**Assignment**
An exact copy is needed of the lines from the one that contains "红豆 (翻奏: 方大同)" through the final line of the data below, with pictures left out.

-*-*-

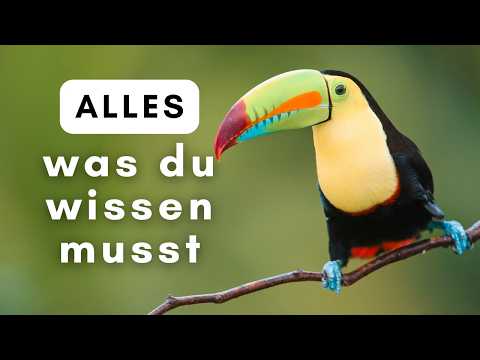 Avoiding typical beginner mistakes 🇨🇷 Costa Rica Travel Guide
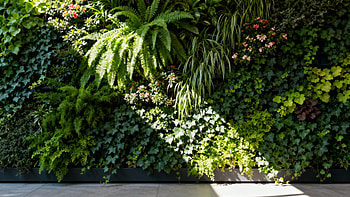 Lush Mosaic — Living Wall, Vertical Garden, Fern, Ivy HD wallpaper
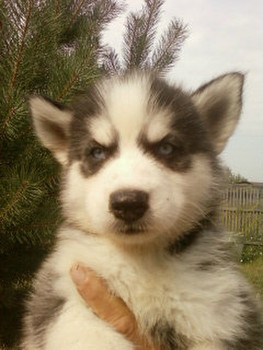 щенки хаски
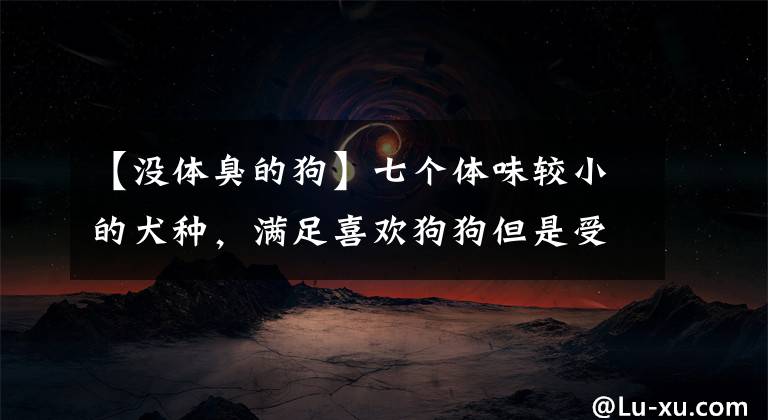 【没体臭的狗】七个体味较小的犬种，满足喜欢狗狗但是受不了气味的您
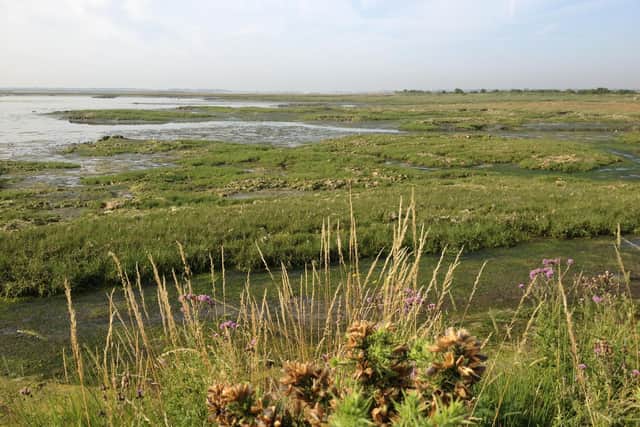 Salt marshes such as those found at Chichester Harbour can be used as a natural way to control levels of nitrates and carbon dioxide.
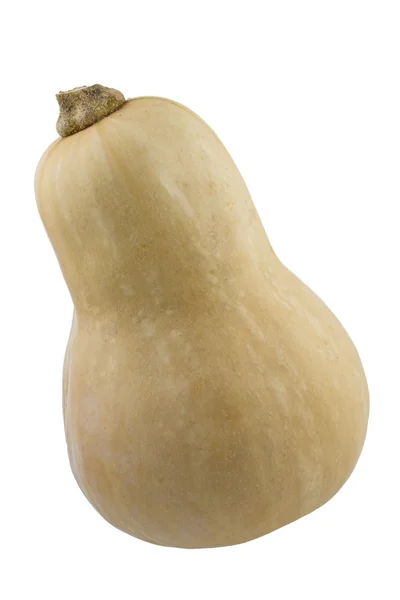 Το butternut κολοκύθα, απομονωμένα σε λευκό — Φωτογραφία Αρχείου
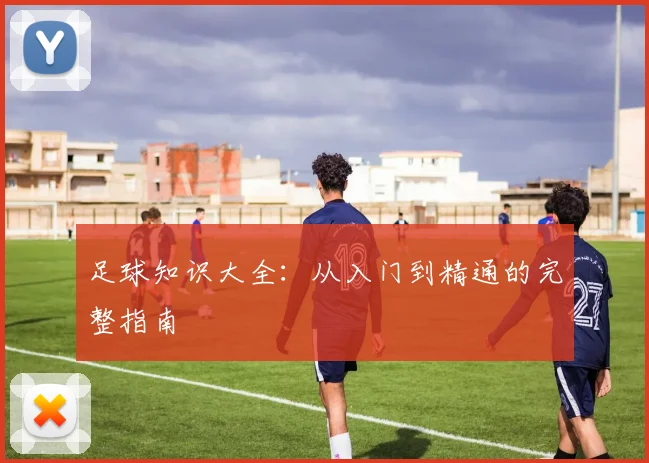 足球知识大全:从入门到精通的完整指南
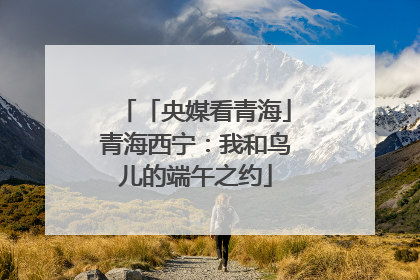 「央媒看青海」青海西宁：我和鸟儿的端午之约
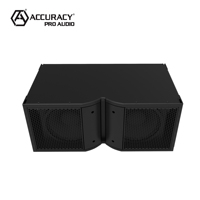 Accuracy Pro Audio LA210 Altavoz de Arreglo en Línea Pasivo Profesional Doble de 10 Pulgadas para Escenario y Conciertos, Sistema PA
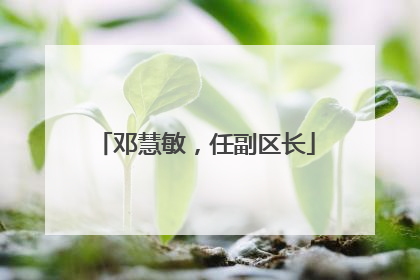 邓慧敏，任副区长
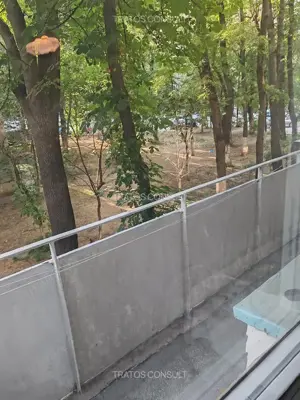 2 camere Soseaua Giurgiului,Vigoniei - imagine 3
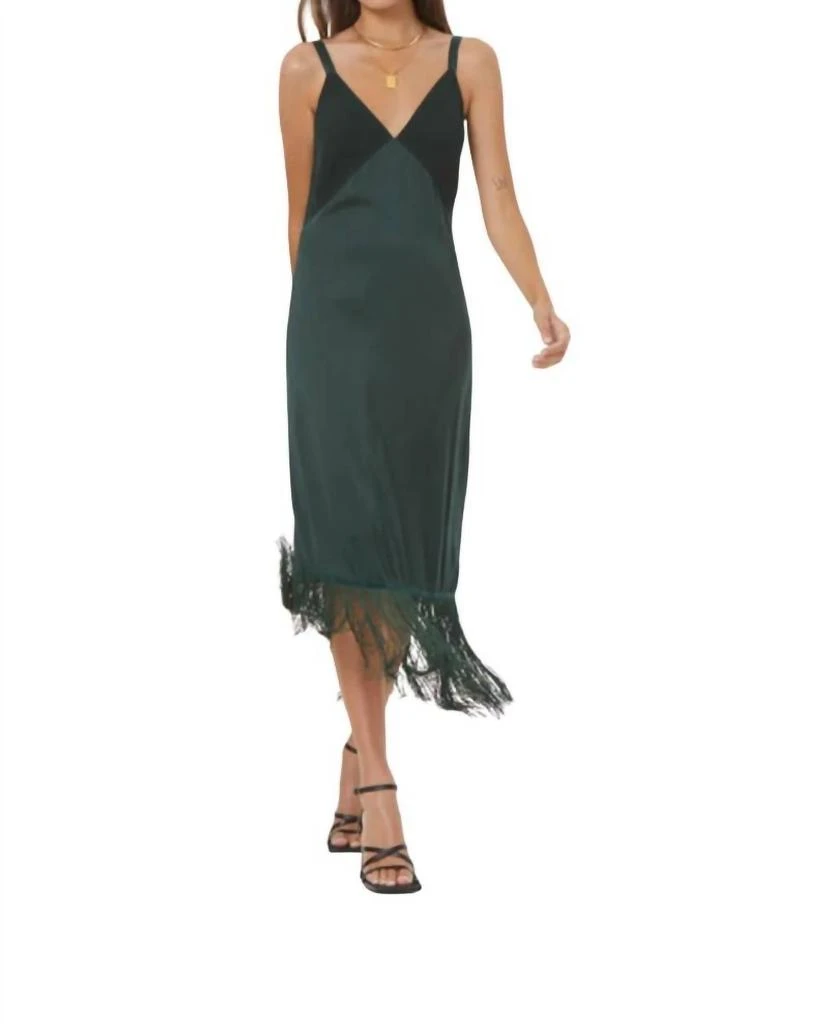 Young Fabulous & Broke Young Fabulous & Broke - Feliz Dress 1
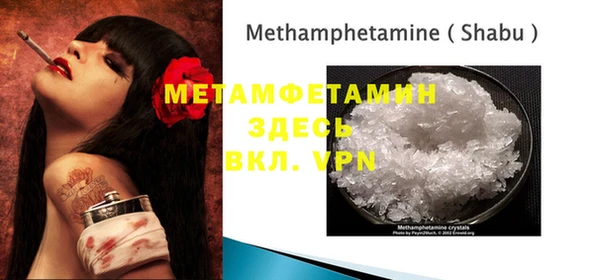 мет Алексин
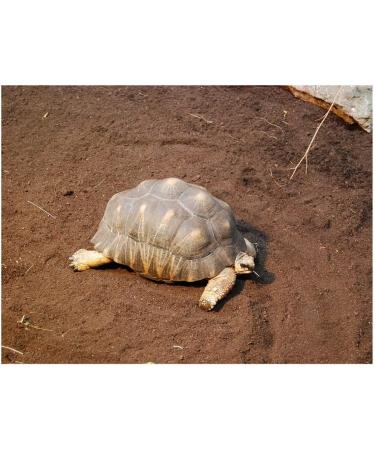 Floragard Turtle Substrate 50L - Natural Bedding for Land Turtles & Reptiles - Fertilizer-Free for Terrariums & Wintering - Buy Online on GoSupps.com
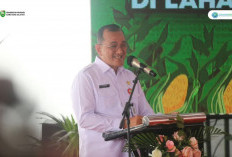 Waspada! Sumsel Siaga Darurat Asap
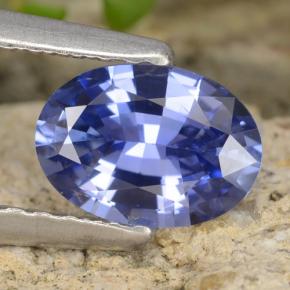 0.8ct Oval Facet Blue Sapphire Gem for sale 0.8ct Oval Facet Blue Sapphire Gem (ID: 475701)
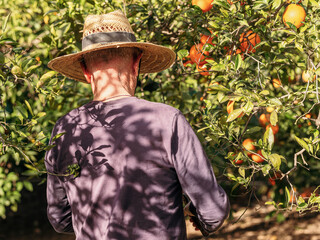 Farmer Harvesting Fresh Oranges in Sunny Orchard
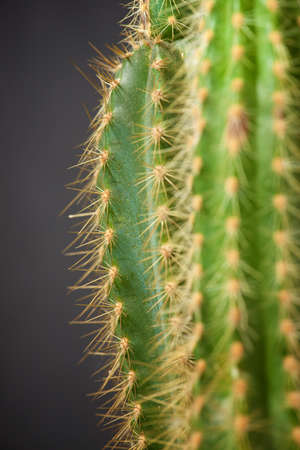 Little cactus plant against gray wall.の写真素材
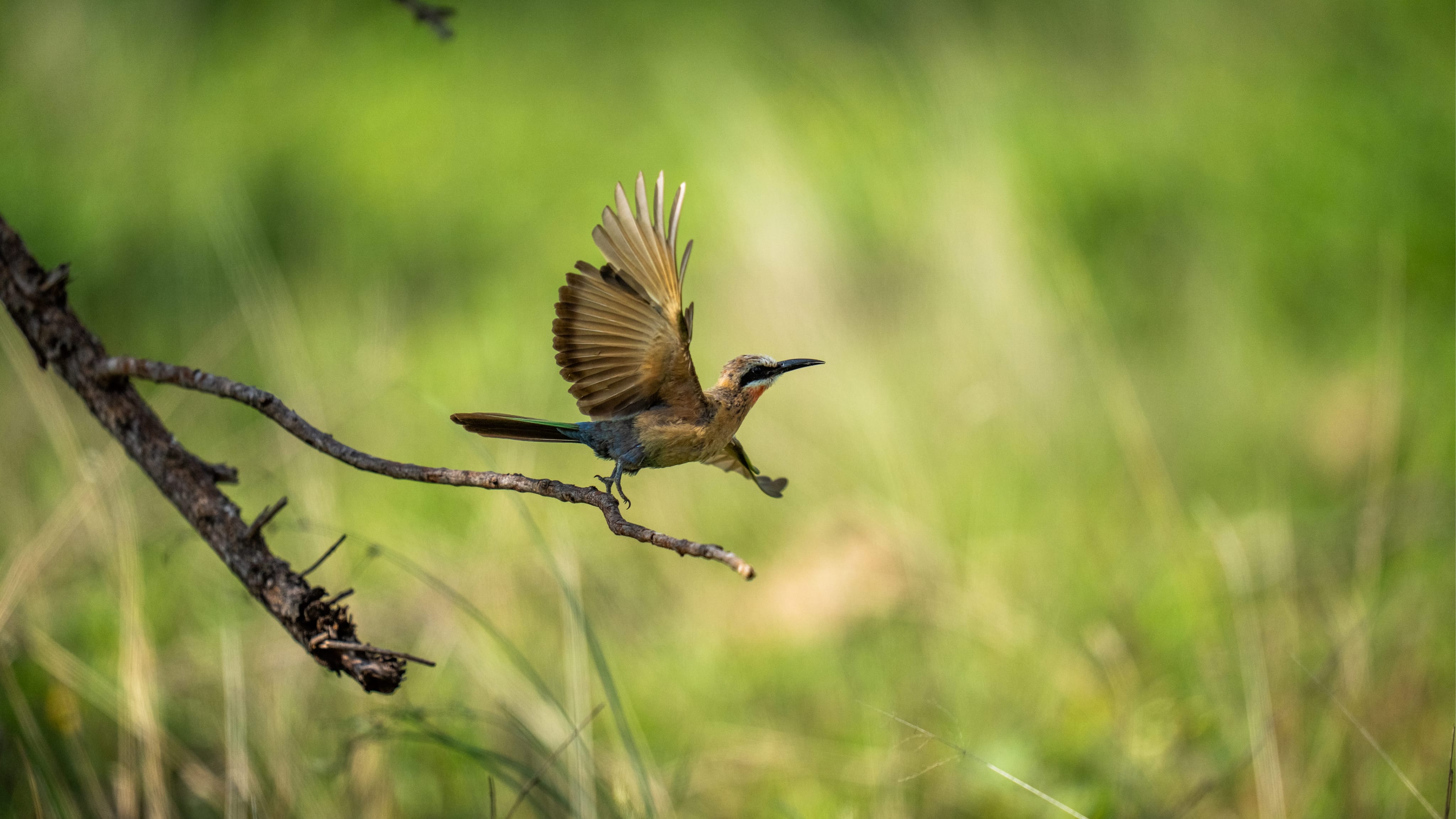 Hummingbird taking off branch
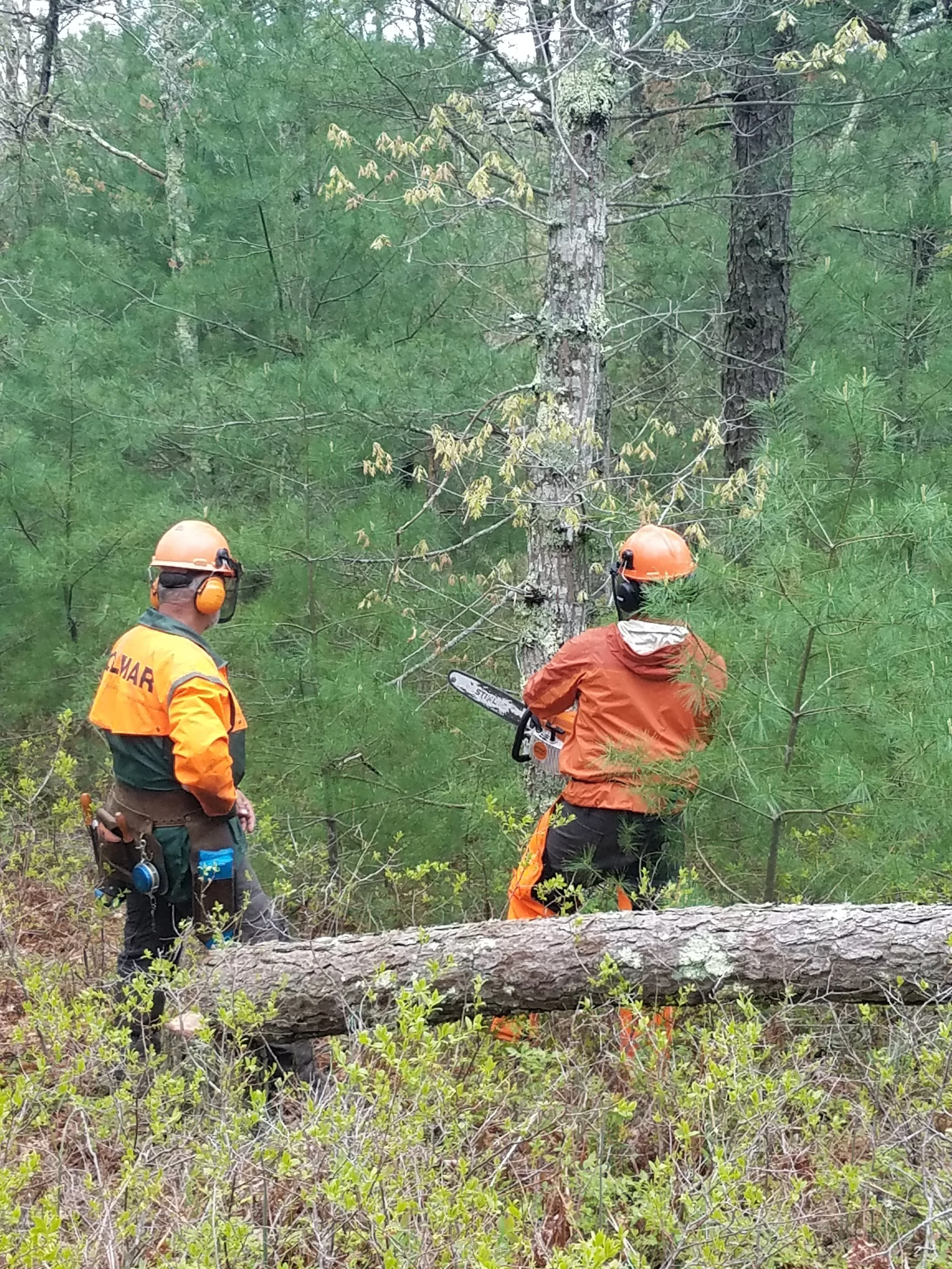 Land Stewardship Coordinator, Tommy Blanchard, working under the direction of chainsaw safety trainer, Bill Girard.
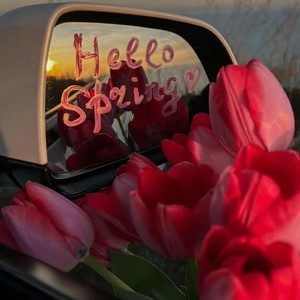 红豆 (翻奏: 方大同)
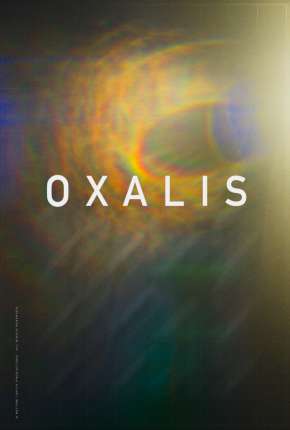 Capa para download torrent de Filme Oxalis - Legendado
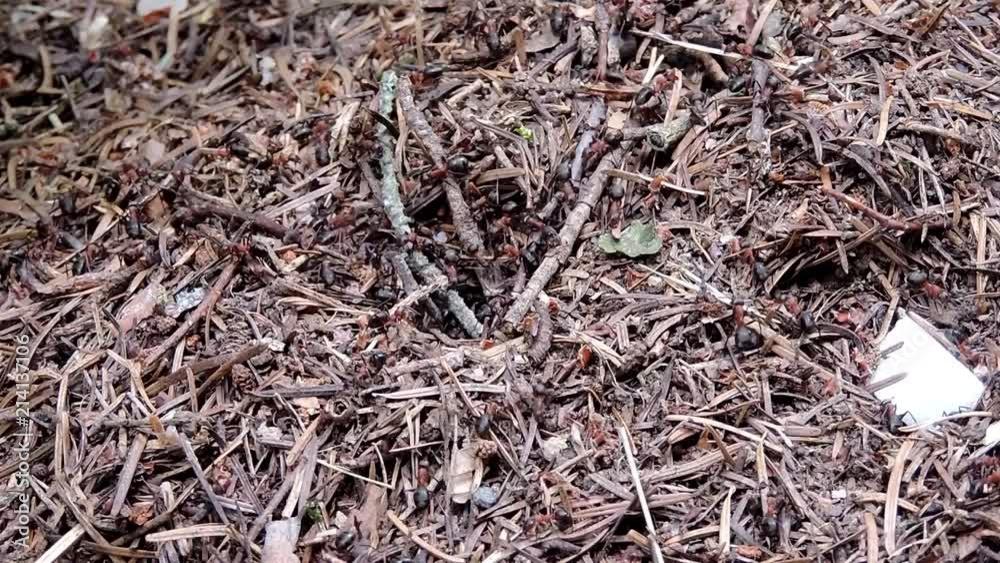 Ants with cube of sugar building anthill. Ants with cube of sugar building anthill.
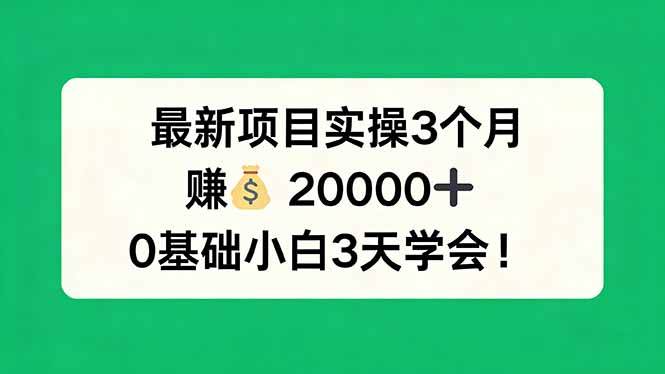 （17856期）最新项目实操3个月，赚钱20000+，0基础小白3天学会！ - 项目资源网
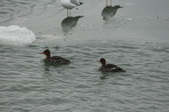 Enlarge photo 93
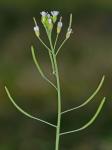 Arabidopsis thaliana (Linnaeus) Heynhold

-*-*-

**Exercise result**
 红豆 (翻奏: 方大同)
 Capa para download torrent de Filme Oxalis - Legendado
 Ants with cube of sugar building anthill. Ants with cube of sugar building anthill.
 （17856期）最新项目实操3个月，赚钱20000+，0基础小白3天学会！ - 项目资源网
 Enlarge photo 93
 Arabidopsis thaliana (Linnaeus) Heynhold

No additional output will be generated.